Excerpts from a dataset
/---

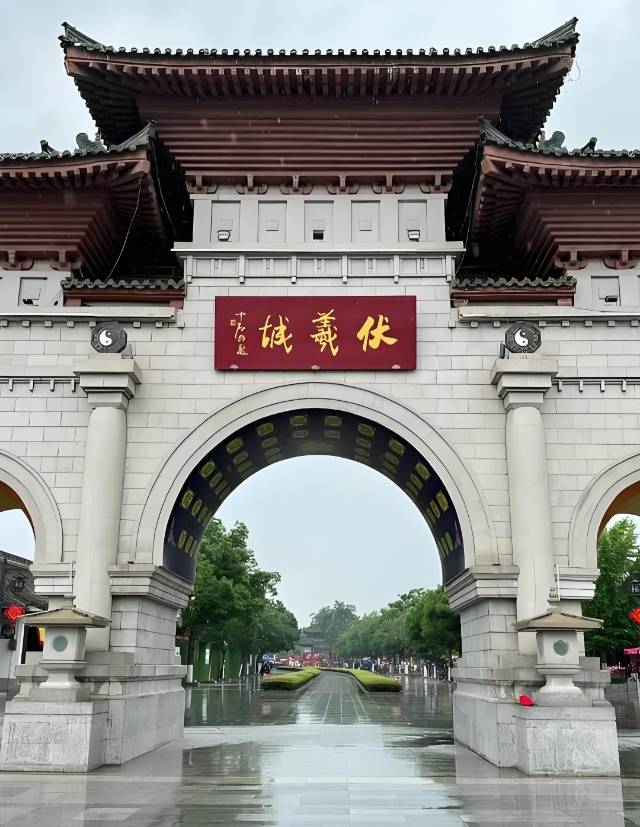 找旅游老伴搭子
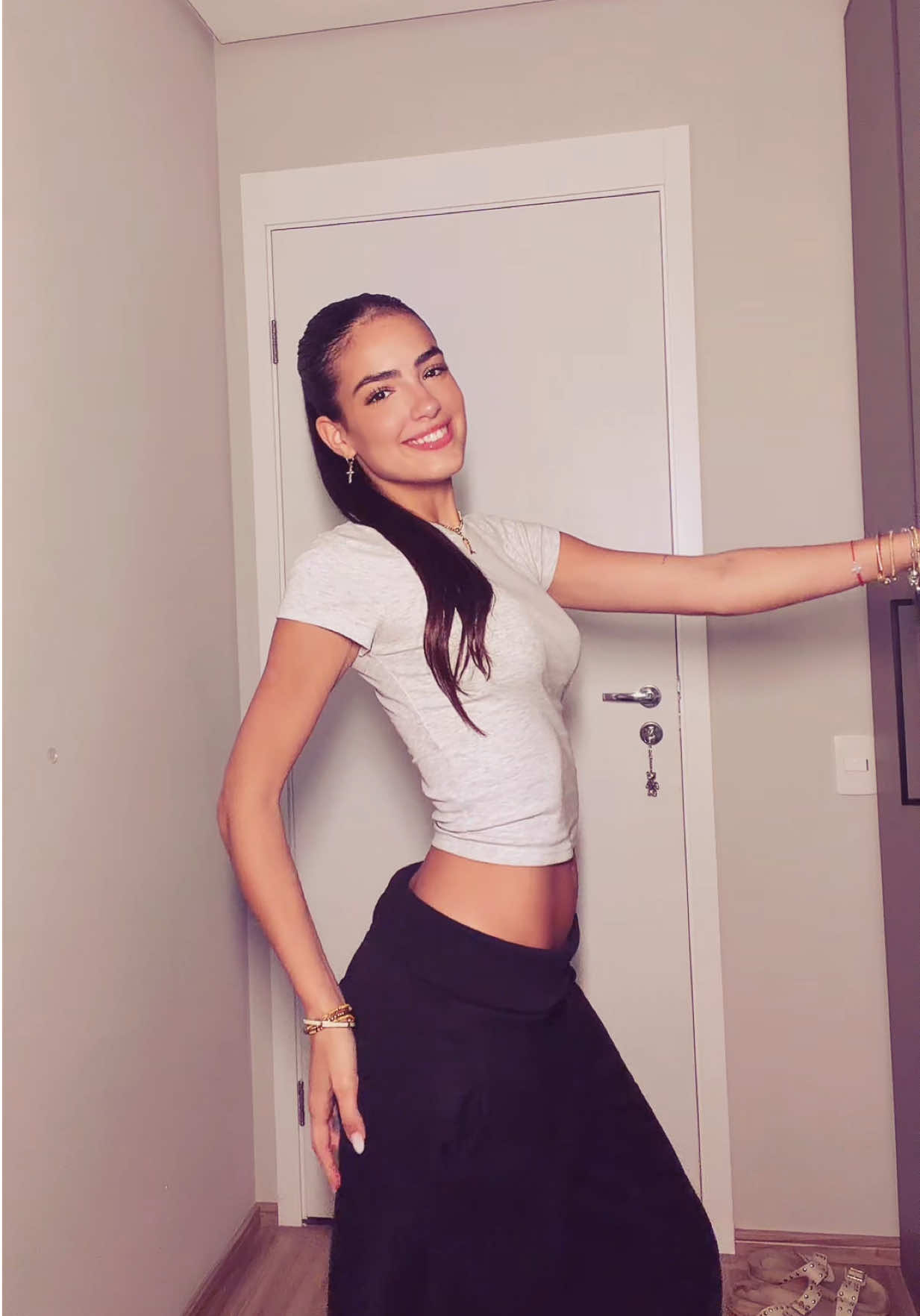 @sosobonin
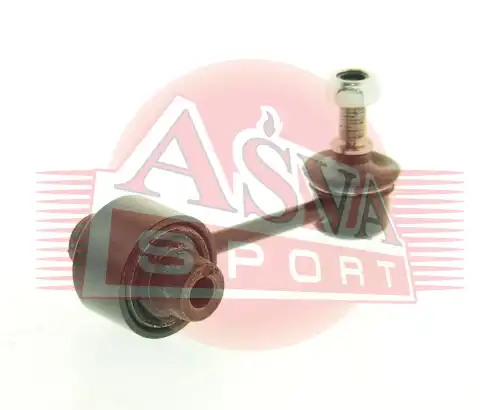 Тяга стабилизатора ASVA 0823G12R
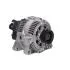 Генератор відновлений FIAT ULYSSE (220) 00-02; PEUGEOT 206 (2A/C) 98-12; CITROEN BERLINGO (M_) 98-11 MSG CA1496IR (фото 1)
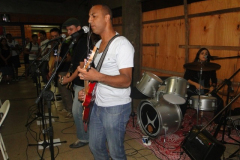 DSC03656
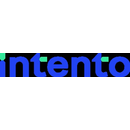 Logo of Intento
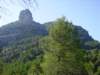 imgp0685_small.jpg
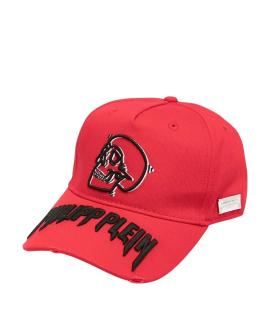 PHILIPP PLEIN Кепка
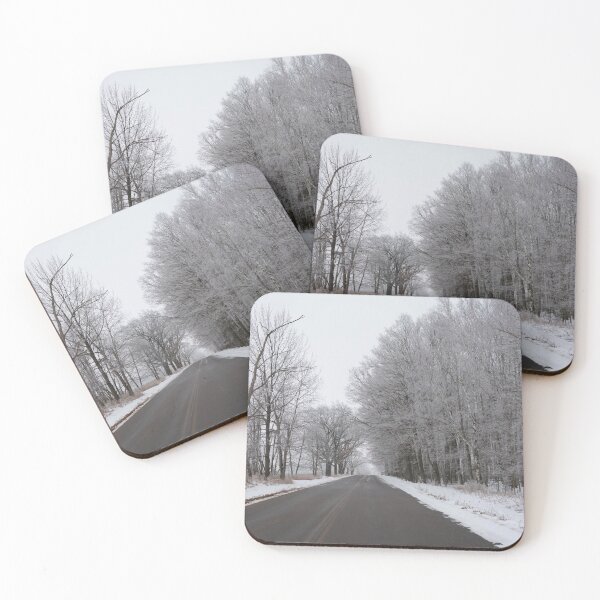 Item preview, iced branches designed and sold by TeresaYoung9.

\---

Take the line containing "Logo of Intento" as the first line and the last line of the data above as the final one, and output exactly the lines between them, inclusive, with no pictures.

** Answer for the task **
 Logo of Intento
 imgp0685_small.jpg
 PHILIPP PLEIN Кепка
 Item preview, iced branches designed and sold by TeresaYoung9.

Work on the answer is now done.